Tuesday, January 16, 2018

Coffee, and Southern Hospitality

Disclaimer: I've never lived any further north than North Carolina. The brief time I lived in Miami, Florida, was in 1959, when it was still mostly in the South.

But, I WAS in the Army, and say what you will about the Big Green Machine, it has put more boys and girls from the South in close proximity to boys and girls from the North than Amtrak and the interstate highway system combined.

And it was in the Army, from the lips of a lad from one of the boroughs of New York, that I first heard of  'a coffee.'

Now, I had grown up around coffee. Next to sweet tea, coffee is THE thing that was served most often as a beverage in Southern homes in the 1950's & 1960's. Maybe in palaces, Coke was served, but for those of us just running around bare-footed, a Coke was a dessert, not a drink. I was flabbergasted the first time I heard of someone drinking a Coke in the morning.

As a teen, I'd drop in to the neighborhood gathering house (they had teenage girls and Steppenwolf records), and I'd be greeted by the mom, "Hey, you want a cup of coffee?"

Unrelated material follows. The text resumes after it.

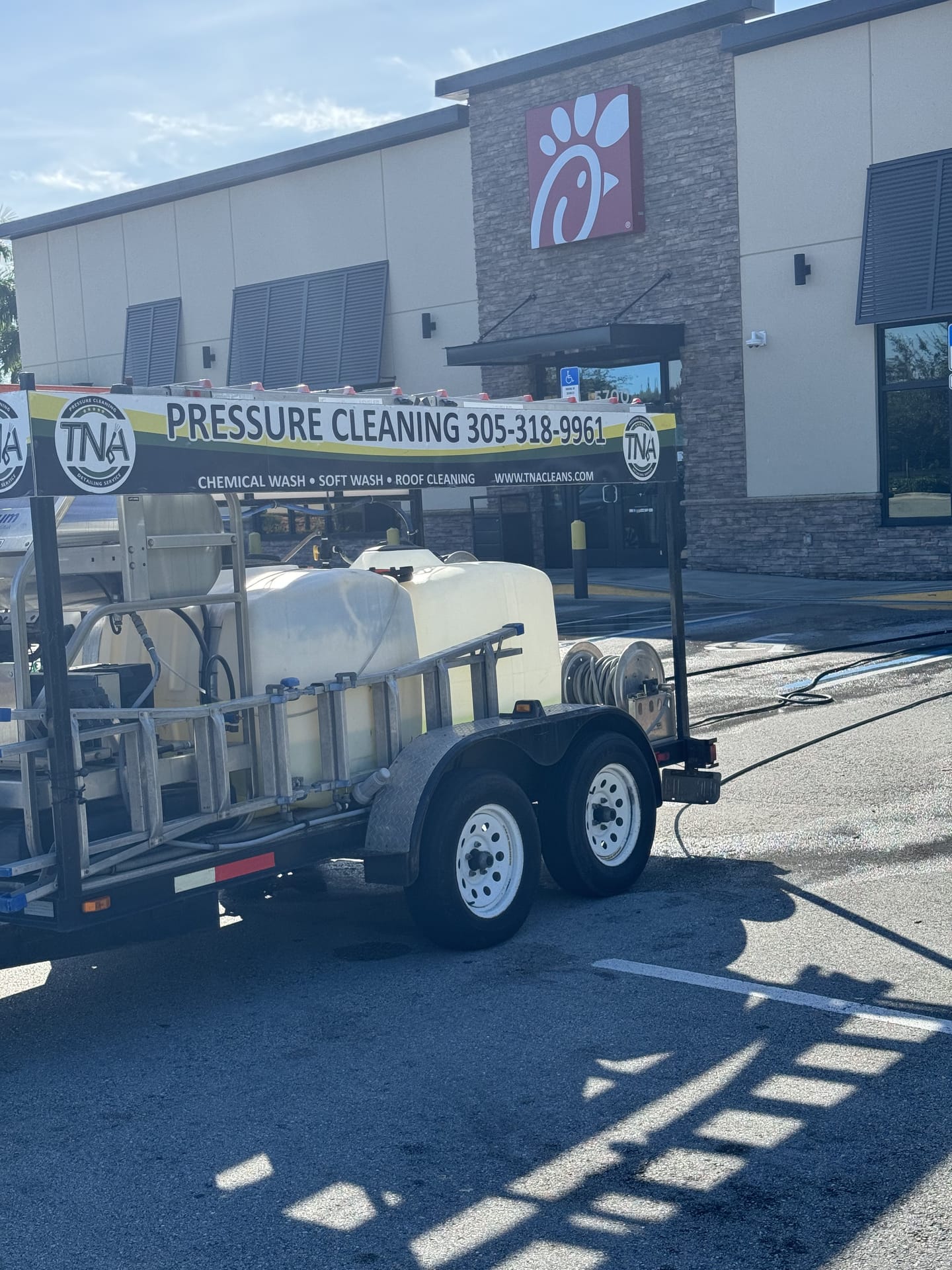 TNA pressure cleaning trailer at a Chick-fil-A location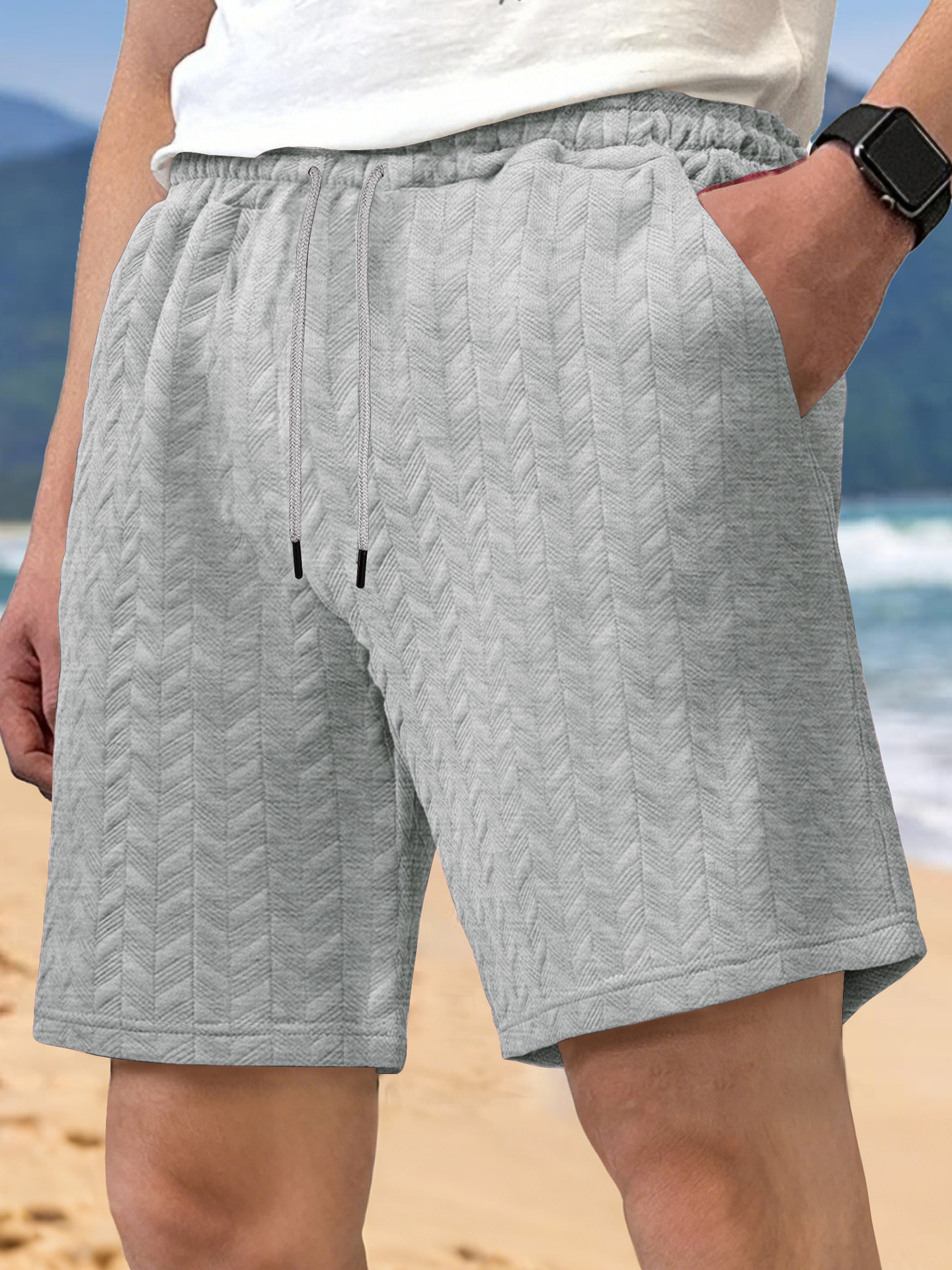 Europa y Estados Unidos ropa de hombre transfronteriza spot verano suelta pantalones cortos de color sólido jacquard correa de hombre casual pantalones cortos de playa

That wasn't at all unusual. It was the routine, and I absorbed it, and today, I offer coffee to the guys who come to fix the cable, as well as to friends and family. But, I never, ever, ever in my life offered someone 'A coffee.' It's always:

"Would you like SOME coffee?"
or
"Can I get you A CUP of coffee?"

I was thinking about that this morning, running through my memory to see if there was any time AT ALL that the formulation "A coffee" crossed my lips. At first, I thought I was free of that formulation, but then I realized, that there is ONE time when I use the phrase.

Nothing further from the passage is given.